A New Chapter: GFS.com Site Redesign

Lead UX Researcher and Product Designer || CMS Design
Period: Incremental rebuild across 18 months

Business Context

Gordon Food Service (GFS) is the largest family-owned and operated B2B food distribution company in North America. Founded in 1897, they currently operate across 50% of the United States and most of Canada. GFS works with independent restaurants operators, healthcare and education institutions, all the way up to major restaurant chains and many more.

Product Goals and Challenges

Goal: Evolve GFS/com from a templated outdate experience into a modern web experience that can support lead generation, content editing, and advertising activities.

Challenges: GFS.com had many stakeholders as it lacked ownership for many years, before coming under Digital Marketing for product management. Knowing this, it would become necessary to collaborate and gain alignment from stakeholders in Corporate Communications, Sales, Private Brands, and Marketing Services.

What We Know

1. Customers couldn't really see any value in the site.
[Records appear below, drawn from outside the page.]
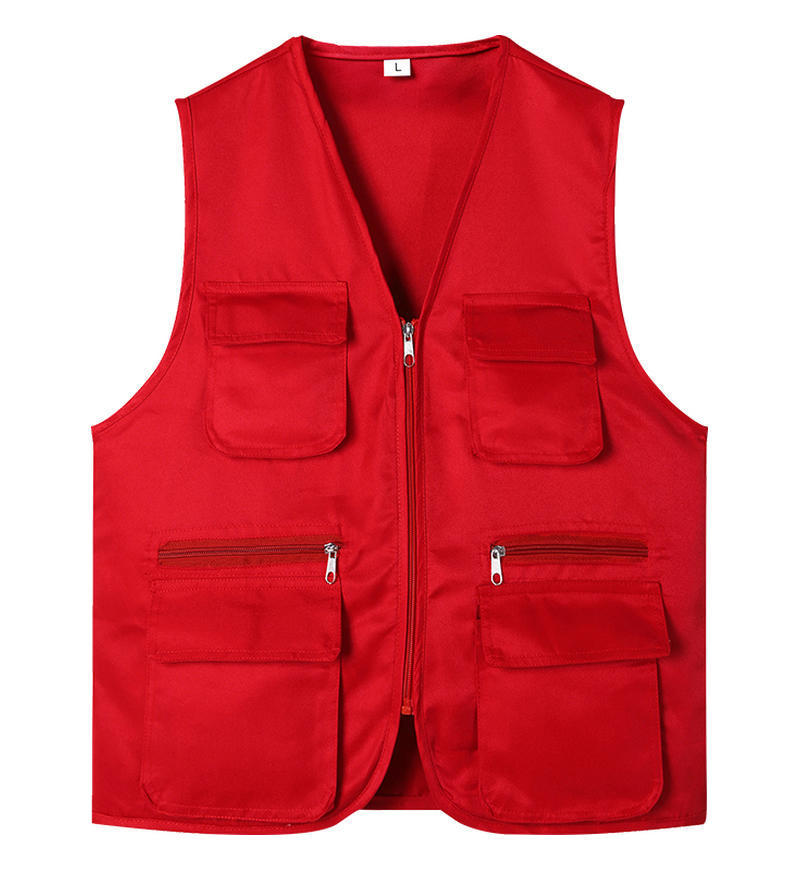 Ropa de trabajo voluntaria chaleco impresa tridimensional grupo de construcción voluntario chaleco voluntario publicidad de bienestar público bolsillo
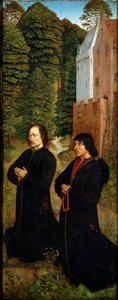 „Dwóch przedstawicieli cechu szewców”, c1492-c1494 autorstwa Master of Saint Crispin and Crispinian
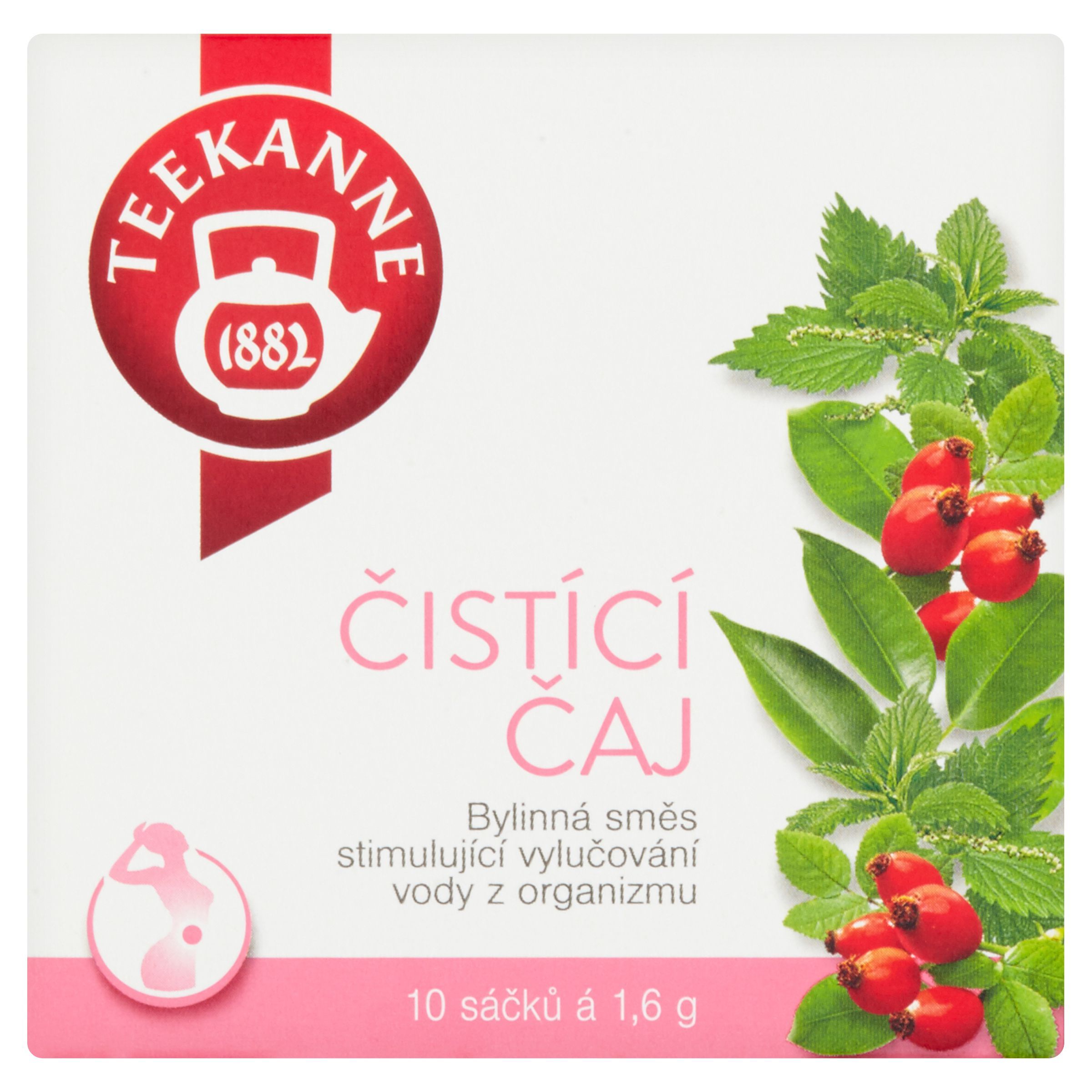 Nápoje - Teekanne Čistící čaj, bylinná směs 10x1,6 g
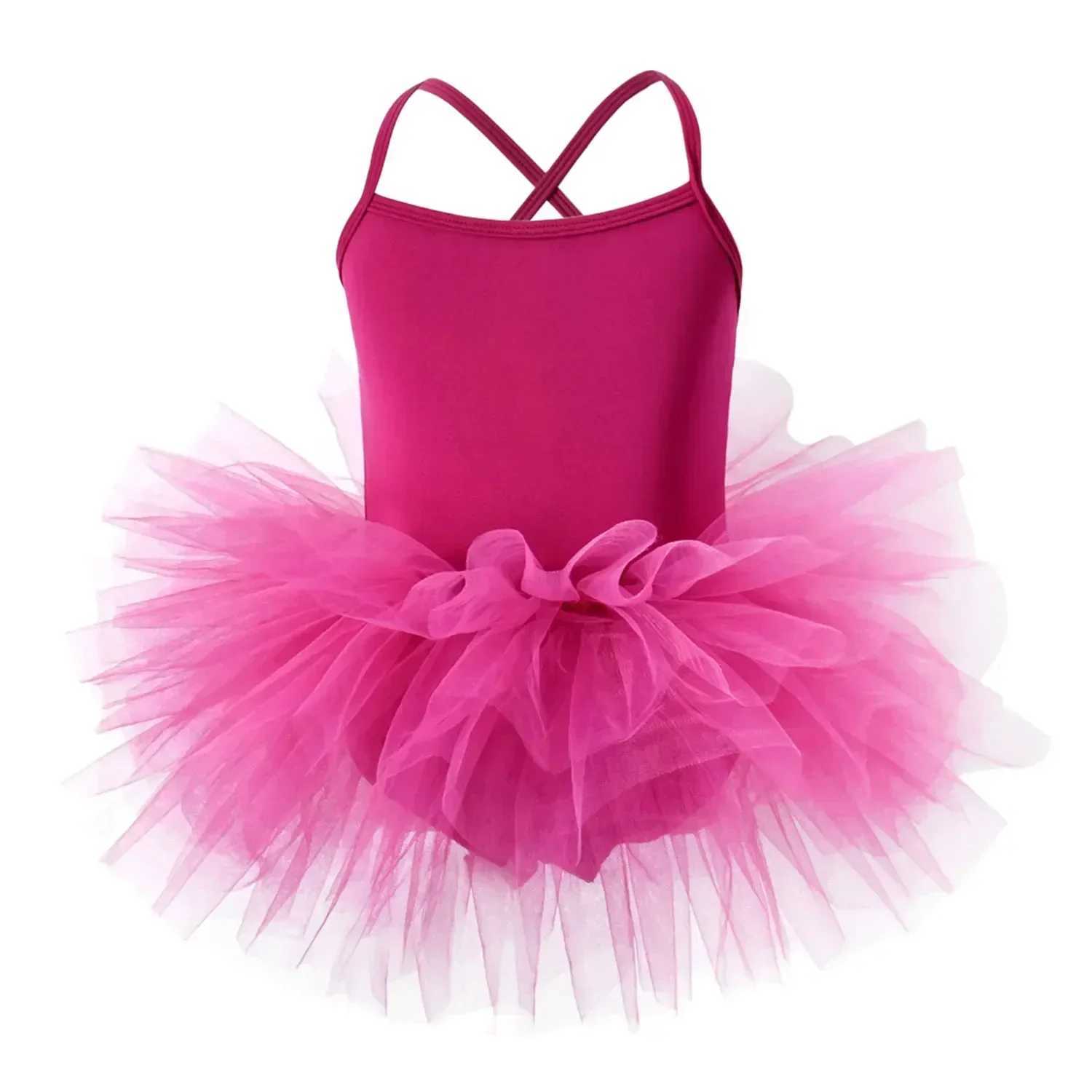 New Girl Ballet TuTu Dress 1-8 Ys Fashion Professional Childrens Dance Par Dress Performance Costume Princess Wedding Dress W250326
"I don't really have a need for GFS.com. I just bookmarked the link for Online Ordering so I can sign in."
"I just use your homepage for the login. Might be nice to see some promotions though."
"I don't have much use for GFS.com, but you know what would be nice - a community forum. A place for customers to interact with one another."

2. Customers love the service and quality provided by Gordon Food Service. This part counts for a lot from an engagement and retention standpoint as a business.

Optimal Workshop was used to test site navigation.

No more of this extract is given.